Così, mentre i mercati globali continuano a spingere in alto il valore del cobalto, migliaia di bambini, ragazze e donne nella provincia di Lualaba continuano a vivere in condizioni di povertà estrema, costretti a impegnarsi nelle peggiori forme di lavoro e sfruttamento sessuale, per mancanza di mezzi di sostentamento alternativi e di istruzione. Le principali multinazionali del settore elettronico e automobilistico che traggono profitti immensi da questo sistema di approvvigionamento, si rifiutano di assumere responsabilità diretta di tali violazioni dei diritti umani e scaricano “a monte”, sui fornitori, il compito di realizzare i necessari investimenti sociali che possano eliminare o, almeno, mitigare queste condizioni.

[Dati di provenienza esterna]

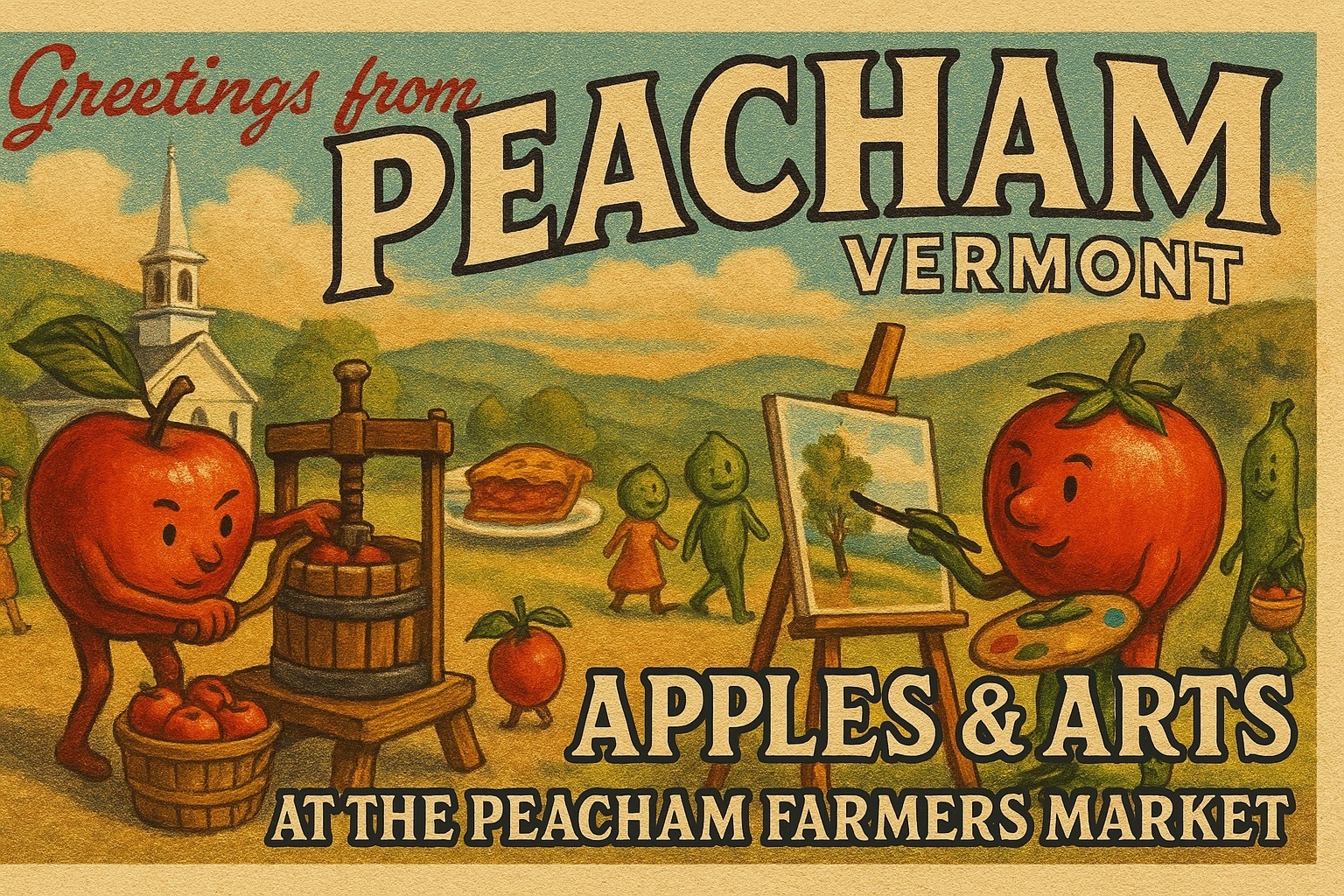 Peacham Farmers Market presents Apples & Arts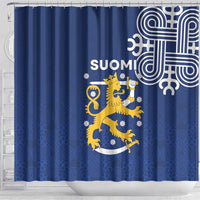 Finland Nordic Lion Shower Curtain Pride Of Suomi - Wonder Print Shop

Negli ultimi cinque anni, un progetto della Fondazione Internazionale Buon Pastore, realizzato a Kolwezi in partenariato con l’associazione locale Bon Pasteur, è riuscito ad ottenere ottimi risultati nell’eliminazione del lavoro minorile, attraverso la mobilitazione delle comunità di creseurs, la creazione di opportunità economiche alternative e la riduzione della violenza di genere. In un recente seminario coordinato da Jeffrey Sachs sulle nuove schiavitù, presso la Pontificia Accademia delle Scienze, questo progetto è stato indicato come modello di protezione dei più vulnerabili e di promozione di uno sviluppo che mette al centro la dignità delle persone. Sachs ed altri leader politici e religiosi si sono impegnati a chiedere alle multinazionali dell’elettronica e automotive di sostenere questo modello per eliminare il lavoro minorile e le altre violazioni dei diritti umani nella filiera del cobalto. Di questo progetto si darà conto nel prossimo numero del Menabò.